There are moments in the finale that aren’t perfect. Namely, Proctor as the representation of evil, corporate, white America is too on the nose; having him say he wants to “make America great again” twice is a little much, you know? Also, Lala’s arc is disappointing, his (potential, though unlikely) demise as a “bomb mule” for Tobias a lackluster finish to a story that was just starting to get interesting in the back half of the season. Those imperfect moments don’t detract from the overall assuredness of the episode though, and “Shadow Of Death: The Book Of War” is about as good a first season finale as you’ll find. It’s tonally bold, easily moving between being funny and politically poignant, while also wrapping up the story of Proctor and setting up plenty of intrigue for next season, with Tobias as the new “King of Freeland.” “Shadow Of Death: The Book Of War” is a confident, compelling, moving end to a season that boasted all those same qualities throughout. Black Lightning might be back, but Black Lightning is just getting started.


Stray observations

  • There are a lot of great lines in this episode, but the best comes from Tobias: “The laws of convention and morality do not apply to me. That’s Napoleon, and he was a weak-ass Frenchman.”
  • Speaking of Tobias, Marvin “Krondon” Jones deserves a lot of praise for adding a ton of gravitas to a character that could have easily steered into silly.
  • Another nice emotional moment: Gambi telling Anissa that she’s “the strongest of us” to show her why she needs to stay at the cabin and not run head first into the A.S.A.

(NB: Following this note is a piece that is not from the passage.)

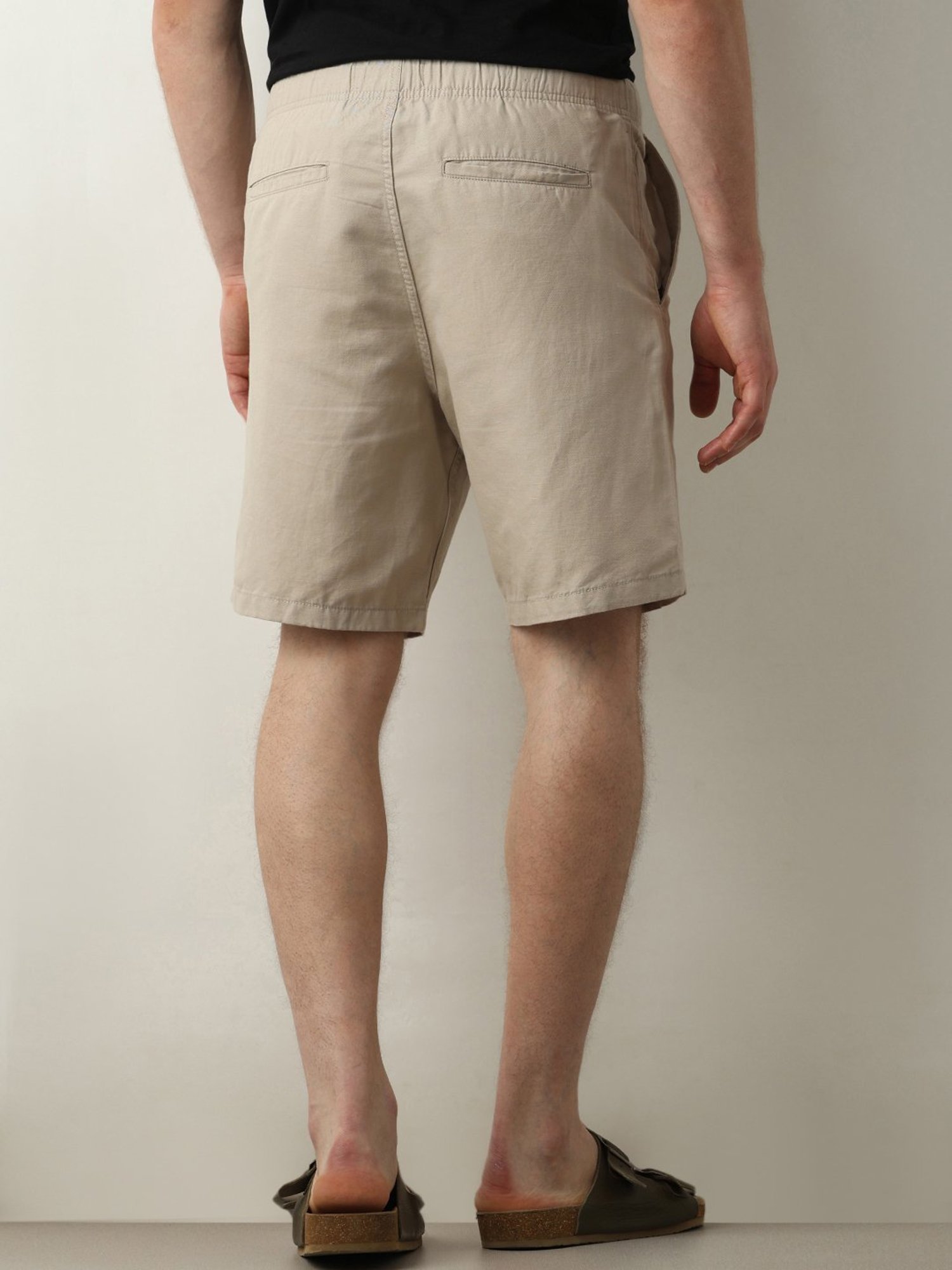 SELECTED HOMME Beige Regular Fit Chino Shorts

  • Lala may have blown himself up at the order of Tobias, but I doubt that’s the last we see of him. After all, we know that Tobias already paid to have him “reanimated” once before.
  • I really like the switch from Earth, Wind, and Fire’s “Shining Star” to Desiigner’s “Timmy Turner” during the climax because it underscores the shift from fun superhero team-up to something much more serious.

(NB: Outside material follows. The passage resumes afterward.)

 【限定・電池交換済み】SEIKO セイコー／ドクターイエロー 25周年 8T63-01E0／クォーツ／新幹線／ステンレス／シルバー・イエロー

  • The people of Freeland are well aware of how their opinions are viewed: “We always paranoid until the truth comes out.”
  • That’s it for the first season of Black Lightning reviews! Thanks so much for reading along. It’s been a lot of fun watching this show grow and find its footing, and it seems like a lot of you were drawn to the show’s strengths in the same way I was. Hopefully I’ll see you back here next season!